● Input data
== Segment start ==
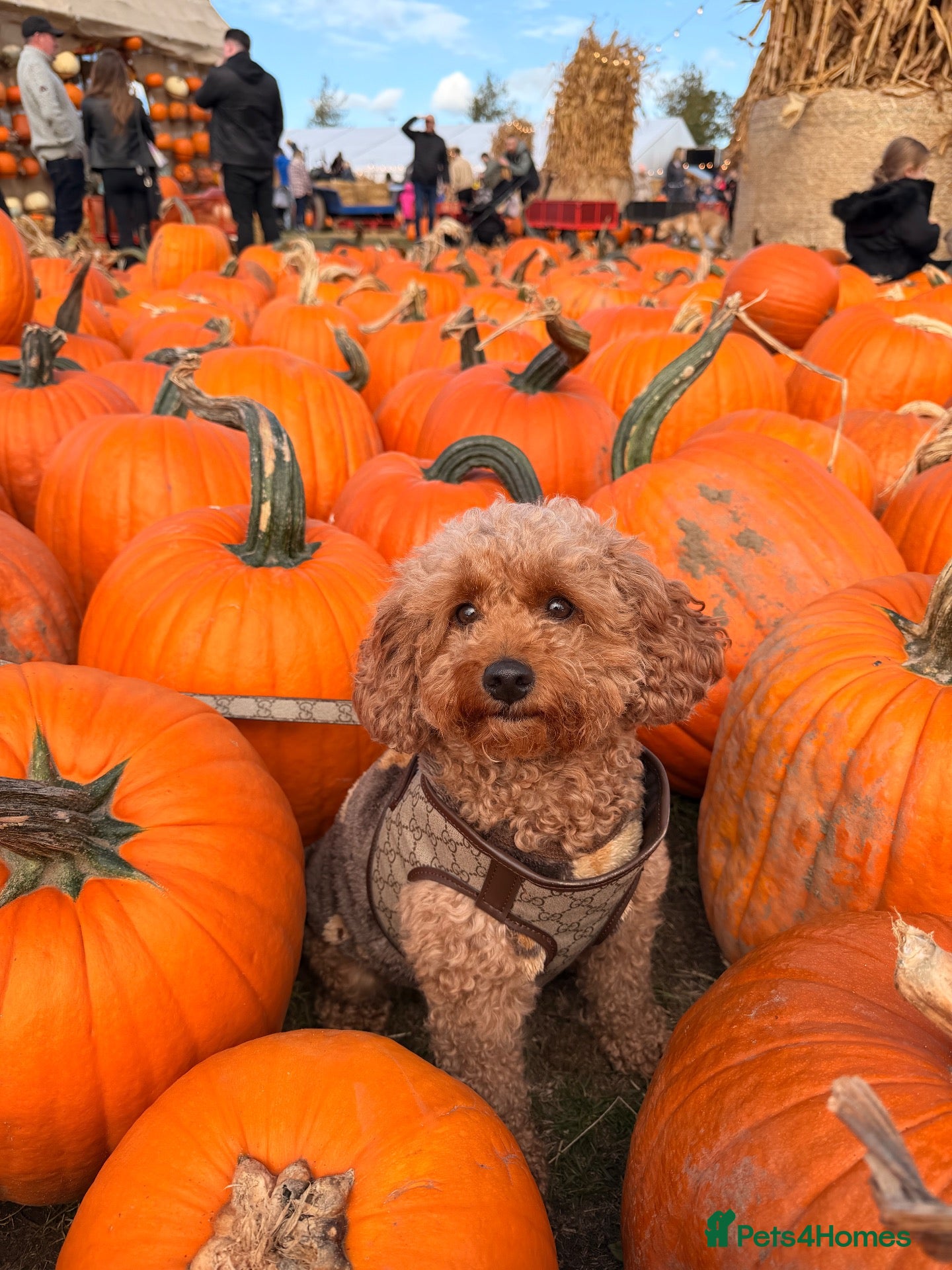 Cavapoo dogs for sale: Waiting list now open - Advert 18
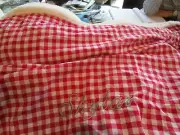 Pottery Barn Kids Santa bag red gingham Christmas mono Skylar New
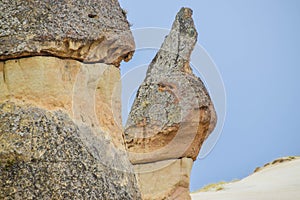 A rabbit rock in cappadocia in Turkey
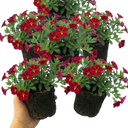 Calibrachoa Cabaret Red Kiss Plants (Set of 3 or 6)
== Segment end ==
● Action item
Would you return the data above exactly as written, minus the images?

● Exercise output
 Cavapoo dogs for sale: Waiting list now open - Advert 18
 Pottery Barn Kids Santa bag red gingham Christmas mono Skylar New
 A rabbit rock in cappadocia in Turkey
 Calibrachoa Cabaret Red Kiss Plants (Set of 3 or 6)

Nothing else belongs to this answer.